Rainer Selgs lebensgroße Holzfiguren, die im Jahr der Fußball-Weltmeisterschaft 2006 bei der Ausstellung „KörperForm“ im Rathaus zu sehen waren, sind vielen sicher noch in Erinnerung. 2001 war Rainer Selg bereits an der ersten großen Ausstellung im erweiterten Rathaus beteiligt, die den Titel „Blick zurück nach vorn“ trug.
Ab 1. Dezember geht der Blick wieder nach vorn zu neueren Bildern, Skulpturen und Objekten von Rainer Selg, die in der Reihe „Kunst im Rathaus“ zu sehen sind. Die Ausstellung wird am 1. Dezember um 19 Uhr mit einer Vernissage eröffnet. Walldorfs Kunstbeauftragter, Hartmuth Schweizer, wird in die Ausstellung einführen. Das Jazztrio „Jazzarias“ in der Besetzung Klavier, Kontrabass und Schlagzeug wird die Vernissage musikalisch umrahmen.
Hartmuth Schweizer charakterisiert Rainer Selg als „einen sehr früh gelobten und in vielen wichtigen bundesweiten Ausstellungen bis heute hoch geschätzten Künstler der Region, der auch in seinen neuen Arbeiten Kommentare zu den klassischen Fragen der Kunst formuliert“. Mit beispielloser Intensität und Konsequenz untersucht Rainer Selg, so Schweizer, seit den ersten aufsehenerregenden und provokanten Arbeiten nach seinem Studium an der Staatlichen Akademie der Bildenden Künste Karlsruhe die Fülle der vorgefundenen Objekte, die aus unserer Verwertungsgesellschaft als alt, unbrauchbar und nicht mehr funktionstüchtig, als abgenutzt und nicht mehr modern, ausgesondert werden, auf ihre formalen Bedingungen. Er stellt vor dem Hintergrund des Materials, seiner haptischen Eigenschaften oder seiner Farbe neue Zusammenhänge her, die eine andere künstlerische und oft auch eine persönliche Realität außerhalb der ursprünglichen Funktion zeigen, die allerdings immer mit der ersten Welt der Objekte durch die Geschichte der Gegenstände oder ihrer Fragmente und durch Lebens- und Alterungsspuren verbunden bleibt.
In oft skurrilen Umformulierungen erleben die Materialien Wandlungen zur zeichenhaft strengen Skulptur, die in eine von jeglicher ehemaligen Funktion befreite autonome Form münden, weit entfernt von einer neuen romantisierenden Recyclingmode.

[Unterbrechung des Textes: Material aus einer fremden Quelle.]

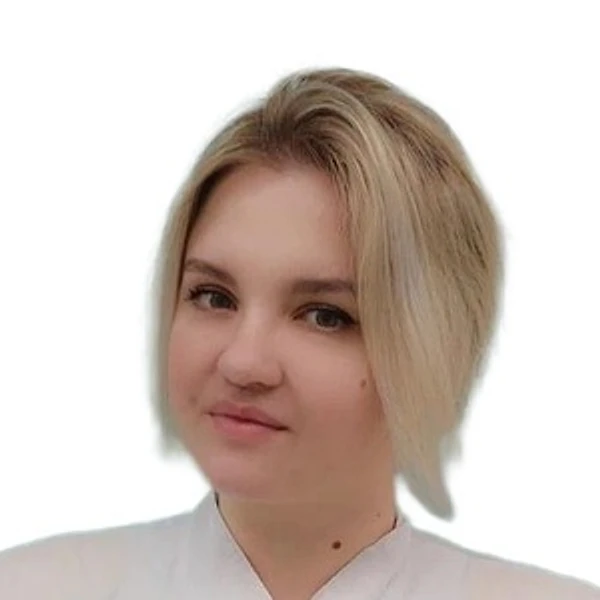 Леоненко Екатерина Андреевна — ЛОР, Мариуполь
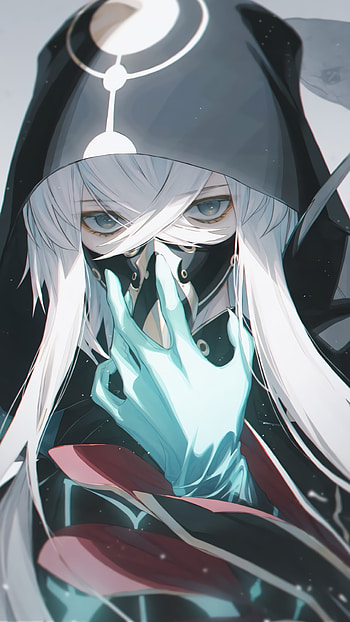 Asclepius, Anime, Fate HD phone wallpaper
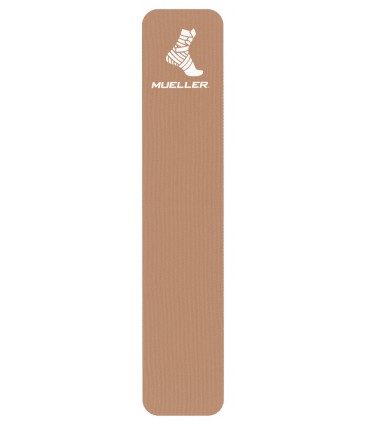 Kinesiology tape tiras precortadas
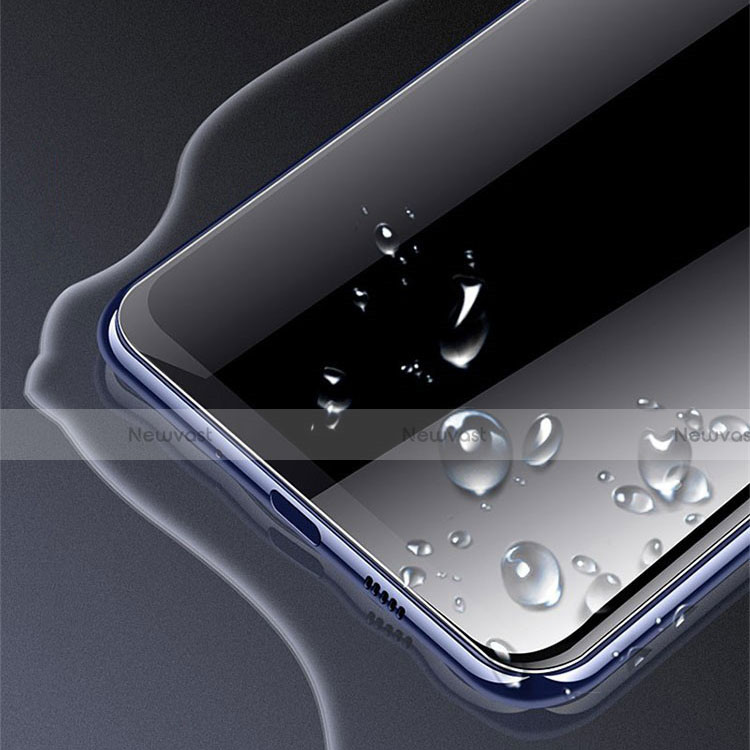 Ultra Clear Tempered Glass Screen Protector Film for Samsung Galaxy A60 Clear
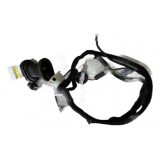 Chicote Elétrico Porta Dianteira Direita Jac J3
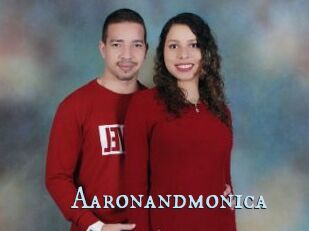 Aaronandmonica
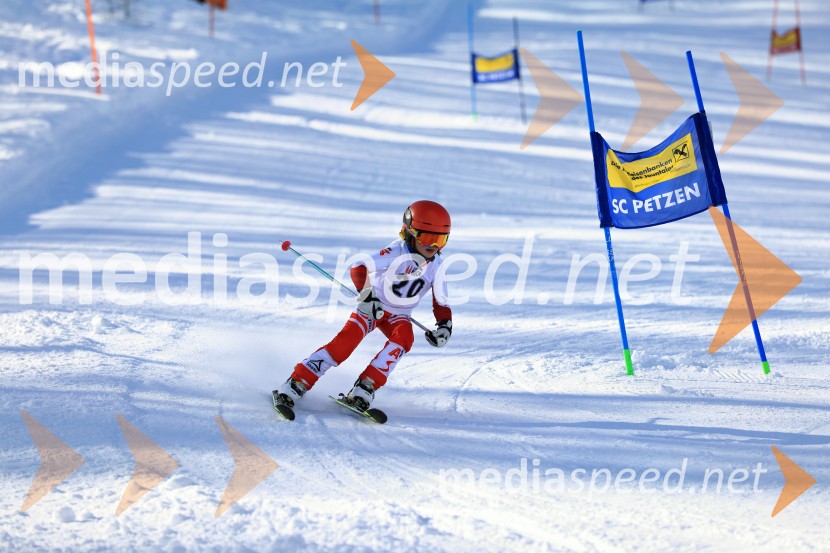 Koroški pokal 2026 - 3. tekma - Petzen, Avstrija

Die aus unermüdlicher vergleichender Beobachtung zwangsläufig sich ergebende Sammlungstätigkeit führt zu serieller Arbeit, deren Ergebnis raumgreifende Installationen sind. Begleitet wird plastisches, objekthaftes Arbeiten immer durch Zeichnungen, die der Klärung von Form- und Funktionszusammenhängen dienen, die aber auch immer eine eigenständige Qualität bewahren, deren Wesen die handschriftähnliche Dynamik von Linie und Form ist. Die Annäherung dieser doch so unterschiedlichen bildnerischen Mittel, der der Fläche verhafteten Mal- und Zeichenaktion und die der dreidimensionalen, raumgreifenden Skulpturen ist auffällig, bekommen doch große monumentale Objekte oft den Charakter einer Raumzeichnung, indem sie die Geste einer Signatur beanspruchen.
Dieser weite Bogen, der vom objet trouvé ausgeht und in streng komponierter, abstrakter Form, in dynamischer Zeichengeste oder großformatiger Malerei und in der Assemblage von Alltagsgegenständen endet, kennzeichnet das Werk von Rainer Selg.
Donnerstag, 1. Dezember, 19 Uhr, Rathaus Walldorf. Die Ausstellung läuft bis 20. Januar 2017.